What the task asks:
The listing below holds a line with "Close-up of a" and a line with "Animal silhouettes against". Reproduce those two lines exactly, plus everything between them.

Data listing:
╭──
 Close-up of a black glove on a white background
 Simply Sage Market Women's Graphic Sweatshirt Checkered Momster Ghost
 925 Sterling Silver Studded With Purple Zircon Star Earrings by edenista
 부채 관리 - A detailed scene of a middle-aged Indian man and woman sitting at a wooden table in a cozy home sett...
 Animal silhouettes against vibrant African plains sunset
╰──
╭──
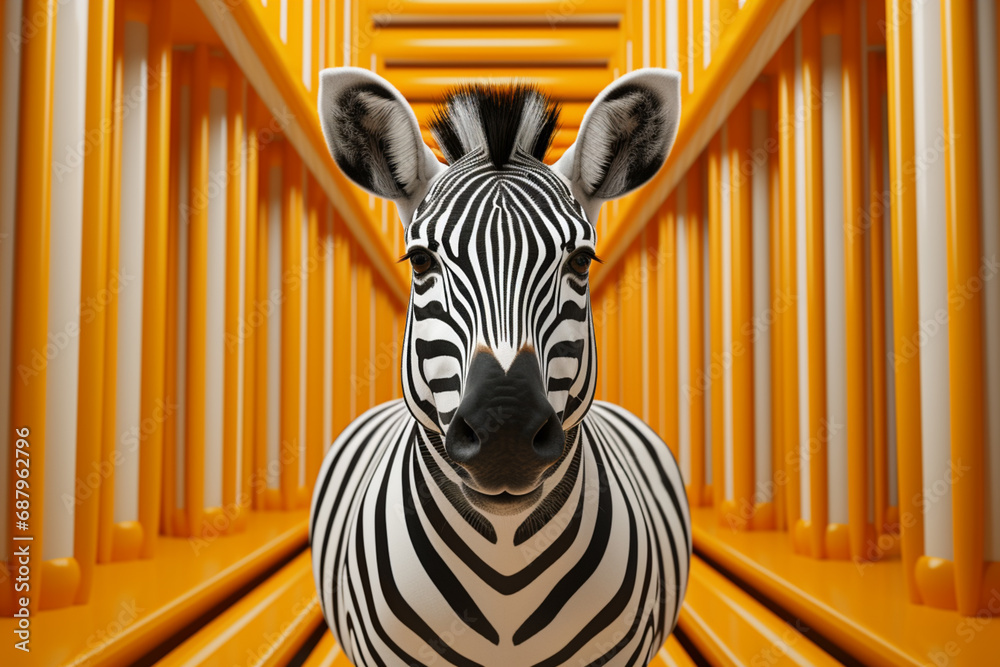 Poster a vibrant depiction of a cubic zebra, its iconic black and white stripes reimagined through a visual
╰──
Exercise solution:
 Close-up of a black glove on a white background
 Simply Sage Market Women's Graphic Sweatshirt Checkered Momster Ghost
 925 Sterling Silver Studded With Purple Zircon Star Earrings by edenista
 부채 관리 - A detailed scene of a middle-aged Indian man and woman sitting at a wooden table in a cozy home sett...
 Animal silhouettes against vibrant African plains sunset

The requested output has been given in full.